Thread: RE: Make default subscription streaming option as Parallel

RE: Make default subscription streaming option as Parallel

From
"Hayato Kuroda (Fujitsu)"
Date:
Dear Vignesh,

> One key point to consider is that the lock on transaction objects will
> be held for a longer duration when using streaming in parallel. This
> occurs because the parallel apply worker initiates the transaction as
> soon as streaming begins, maintaining the lock until the transaction
> is fully completed. As a result, for long-running transactions, this
> extended lock can hinder concurrent access that requires a lock.

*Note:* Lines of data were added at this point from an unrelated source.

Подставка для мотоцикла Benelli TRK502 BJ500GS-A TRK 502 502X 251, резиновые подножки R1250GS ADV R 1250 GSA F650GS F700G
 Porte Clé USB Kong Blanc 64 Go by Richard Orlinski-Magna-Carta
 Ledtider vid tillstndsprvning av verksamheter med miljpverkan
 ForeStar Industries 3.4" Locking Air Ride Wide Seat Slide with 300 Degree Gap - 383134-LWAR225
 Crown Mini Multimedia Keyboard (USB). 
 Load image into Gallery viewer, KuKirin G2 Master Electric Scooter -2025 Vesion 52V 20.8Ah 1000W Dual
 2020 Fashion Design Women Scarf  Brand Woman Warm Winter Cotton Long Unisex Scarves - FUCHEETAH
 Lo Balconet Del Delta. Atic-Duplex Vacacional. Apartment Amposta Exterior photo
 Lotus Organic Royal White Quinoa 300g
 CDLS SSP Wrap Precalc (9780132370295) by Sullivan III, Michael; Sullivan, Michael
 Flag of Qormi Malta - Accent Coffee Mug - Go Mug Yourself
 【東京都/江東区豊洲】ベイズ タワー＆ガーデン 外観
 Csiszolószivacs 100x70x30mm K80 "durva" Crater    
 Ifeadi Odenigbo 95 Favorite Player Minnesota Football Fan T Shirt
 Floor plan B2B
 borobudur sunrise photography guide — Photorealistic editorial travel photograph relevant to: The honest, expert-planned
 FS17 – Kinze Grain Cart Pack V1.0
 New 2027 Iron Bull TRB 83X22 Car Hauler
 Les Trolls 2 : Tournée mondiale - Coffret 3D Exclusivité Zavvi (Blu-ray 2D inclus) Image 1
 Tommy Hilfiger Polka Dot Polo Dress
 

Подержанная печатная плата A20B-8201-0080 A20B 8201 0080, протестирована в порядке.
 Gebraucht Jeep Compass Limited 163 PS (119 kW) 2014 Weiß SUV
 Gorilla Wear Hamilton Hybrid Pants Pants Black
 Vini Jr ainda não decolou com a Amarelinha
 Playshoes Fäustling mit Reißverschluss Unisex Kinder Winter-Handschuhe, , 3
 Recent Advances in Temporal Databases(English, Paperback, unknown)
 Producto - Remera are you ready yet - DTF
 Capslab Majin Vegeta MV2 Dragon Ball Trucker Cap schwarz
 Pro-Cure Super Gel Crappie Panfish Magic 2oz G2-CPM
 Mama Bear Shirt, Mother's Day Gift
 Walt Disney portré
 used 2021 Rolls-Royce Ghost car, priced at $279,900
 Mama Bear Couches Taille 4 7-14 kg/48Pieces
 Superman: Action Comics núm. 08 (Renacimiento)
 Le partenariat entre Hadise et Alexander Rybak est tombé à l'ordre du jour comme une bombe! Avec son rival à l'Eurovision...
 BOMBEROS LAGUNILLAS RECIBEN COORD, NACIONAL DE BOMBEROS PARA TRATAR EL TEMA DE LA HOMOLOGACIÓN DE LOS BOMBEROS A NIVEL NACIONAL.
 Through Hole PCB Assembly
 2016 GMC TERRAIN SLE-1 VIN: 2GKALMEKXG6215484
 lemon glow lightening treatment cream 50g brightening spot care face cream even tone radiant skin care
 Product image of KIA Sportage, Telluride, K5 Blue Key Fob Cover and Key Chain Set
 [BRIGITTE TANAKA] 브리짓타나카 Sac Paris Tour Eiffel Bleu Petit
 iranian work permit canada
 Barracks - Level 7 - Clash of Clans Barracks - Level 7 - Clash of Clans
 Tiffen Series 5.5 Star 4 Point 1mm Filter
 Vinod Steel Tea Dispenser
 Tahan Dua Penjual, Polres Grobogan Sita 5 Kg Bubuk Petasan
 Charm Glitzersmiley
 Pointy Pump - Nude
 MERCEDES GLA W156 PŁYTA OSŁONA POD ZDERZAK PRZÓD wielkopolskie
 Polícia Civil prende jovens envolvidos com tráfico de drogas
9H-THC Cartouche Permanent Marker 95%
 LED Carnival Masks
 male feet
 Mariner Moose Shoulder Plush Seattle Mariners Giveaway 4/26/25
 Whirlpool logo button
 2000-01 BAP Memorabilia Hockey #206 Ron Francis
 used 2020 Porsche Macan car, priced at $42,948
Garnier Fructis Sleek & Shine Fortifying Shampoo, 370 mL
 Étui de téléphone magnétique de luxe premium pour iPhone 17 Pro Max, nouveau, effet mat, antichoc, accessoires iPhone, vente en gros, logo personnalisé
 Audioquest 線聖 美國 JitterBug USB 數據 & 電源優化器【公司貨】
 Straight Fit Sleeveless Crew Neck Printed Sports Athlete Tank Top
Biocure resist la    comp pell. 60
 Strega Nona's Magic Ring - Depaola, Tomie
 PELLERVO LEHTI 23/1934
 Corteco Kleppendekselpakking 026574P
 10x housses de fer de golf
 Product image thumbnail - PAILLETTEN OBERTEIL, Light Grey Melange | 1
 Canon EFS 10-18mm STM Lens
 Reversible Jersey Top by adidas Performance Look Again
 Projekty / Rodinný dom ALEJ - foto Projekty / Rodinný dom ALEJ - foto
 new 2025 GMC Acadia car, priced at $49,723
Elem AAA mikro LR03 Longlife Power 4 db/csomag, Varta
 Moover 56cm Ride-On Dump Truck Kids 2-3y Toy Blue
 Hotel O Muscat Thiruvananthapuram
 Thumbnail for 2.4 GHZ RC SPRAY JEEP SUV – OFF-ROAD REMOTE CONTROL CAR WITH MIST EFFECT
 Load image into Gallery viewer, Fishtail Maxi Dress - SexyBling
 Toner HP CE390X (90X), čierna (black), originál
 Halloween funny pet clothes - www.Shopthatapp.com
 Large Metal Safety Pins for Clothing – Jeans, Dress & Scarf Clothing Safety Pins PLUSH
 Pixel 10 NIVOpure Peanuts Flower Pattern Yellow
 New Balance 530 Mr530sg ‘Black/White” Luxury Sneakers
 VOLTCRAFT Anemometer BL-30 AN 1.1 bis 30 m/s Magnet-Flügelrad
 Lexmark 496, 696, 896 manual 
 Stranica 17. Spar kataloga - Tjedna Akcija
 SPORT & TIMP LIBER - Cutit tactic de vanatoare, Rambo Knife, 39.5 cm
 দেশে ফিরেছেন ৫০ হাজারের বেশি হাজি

So, the current default is the most conservative and can run anywhere; your
proposal is a bit optimistic, right? Since long transactions should be avoided
in any case, and everyone knows it, I agree with your point.

One comment for your patch;
Shouldn't we add a streaming=off case for pg_dump test? You added lines but no one
passes it.

Best regards,
Hayato Kuroda
FUJITSU LIMITED

Re: Make default subscription streaming option as Parallel

From
shveta malik
Date:
On Mon, Oct 7, 2024 at 4:03 PM vignesh C <vignesh21@gmail.com> wrote:
>

With parallel streaming as default, do you think there is a need to
increase the default for 'max_logical_replication_workers' as IIUC
parallel workers are taken from the same pool.

thanks
Shveta



Re: Make default subscription streaming option as Parallel

From
Amit Kapila
Date:
On Tue, Oct 8, 2024 at 2:25 PM shveta malik <shveta.malik@gmail.com> wrote:
>
> On Mon, Oct 7, 2024 at 4:03 PM vignesh C <vignesh21@gmail.com> wrote:
> >
>
> With parallel streaming as default, do you think there is a need to
> increase the default for 'max_logical_replication_workers' as IIUC
> parallel workers are taken from the same pool.
>

Good question. But then one may say that we should proportionately
increase max_worker_processes as well. I don't know what should be
reasonable new defaults. I think we should make parallel streaming as
default and then wait for some user feedback before changing other
defaults.

--
With Regards,
Amit Kapila.



Re: Make default subscription streaming option as Parallel

From
shveta malik
Date:
On Tue, Oct 8, 2024 at 3:38 PM Amit Kapila <amit.kapila16@gmail.com> wrote:
>
> On Tue, Oct 8, 2024 at 2:25 PM shveta malik <shveta.malik@gmail.com> wrote:
> >
> > On Mon, Oct 7, 2024 at 4:03 PM vignesh C <vignesh21@gmail.com> wrote:
> > >
> >
> > With parallel streaming as default, do you think there is a need to
> > increase the default for 'max_logical_replication_workers' as IIUC
> > parallel workers are taken from the same pool.
> >
>
> Good question. But then one may say that we should proportionately
> increase max_worker_processes as well. I don't know what should be
> reasonable new defaults.

Agreed on the same query on the next level of max_worker_processes .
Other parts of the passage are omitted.